FILE PHOTO: A screen show former University of Cincinnati police officer Ray Tensing listening as the judge declares a mistrial after jury deadlocks ending the retrial in death of Samuel DuBose in Cincinnati, Ohio, U.S. June 23, 2017. REUTERS/William PhilpottMore
By Chris Kenning
(Reuters) - An Ohio university said on Tuesday it would not reverse its decision to rehire a white former police officer who was fired after fatally shooting an unarmed black motorist, despite two hung juries and prosecutors' decision not to retry him again for murder.
Ray Tensing, 27, is pursuing a grievance that asks for reinstatement with University of Cincinnati police and back pay, the Cincinnati Enquirer reported. The paper did not identify the source of the news.

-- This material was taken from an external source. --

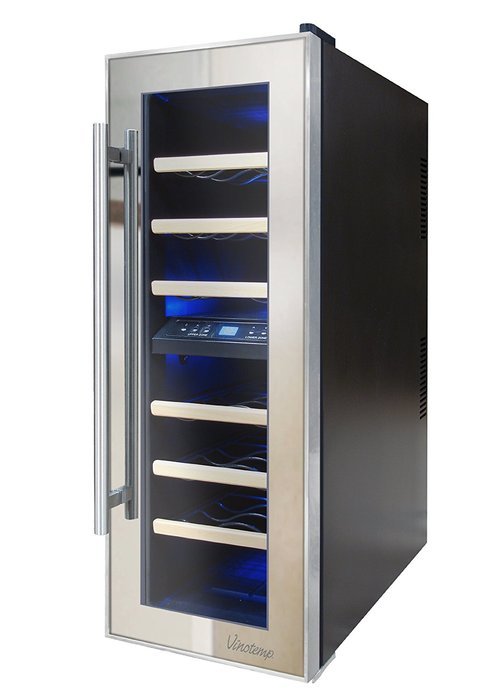 Vinotemp 21-Bottle Dual-Zone Thermoelectric Mirrored Wine Cooler N3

"We have no intention of reversing our decision," said University of Cincinnati spokesman Greg Vehr, who confirmed a grievance had been filed but was not familiar with the exact demands of the request.
The grievance, initially filed after Tensing was fired in July 2015 following the fatal shooting of 43-year-old Sam DuBose during a traffic stop, had been put on hold pending trial, Tensing's attorney, Stew Mathews, said Tuesday. Mathews is not representing Tensing in the grievance.
It is now being pursued again after charges were dismissed last month and will be overseen by an arbitrator, Vehr said. Mathews believes the department violated Tensing's contract by not providing due process rights such as a disciplinary hearing.
Tensing's union, the Fraternal Order of Police Ohio Labor Council, could not be reached for comment.
Tensing shot and killed DuBose after stopping him for a missing front license plate on his car, a body camera worn by Tensing showed. Tensing testified during both trials that he feared for his life as the reason why he fired his weapon. [L4N1DB6RC]
The trials last November and in June both ended with hung juries over the charges of murder and voluntary manslaughter.
Ohio prosecutors said last month they would not pursue a third trial, but the U.S. Attorney's Office for the Southern District of Ohio is considering whether it will file civil rights charges against Tensing.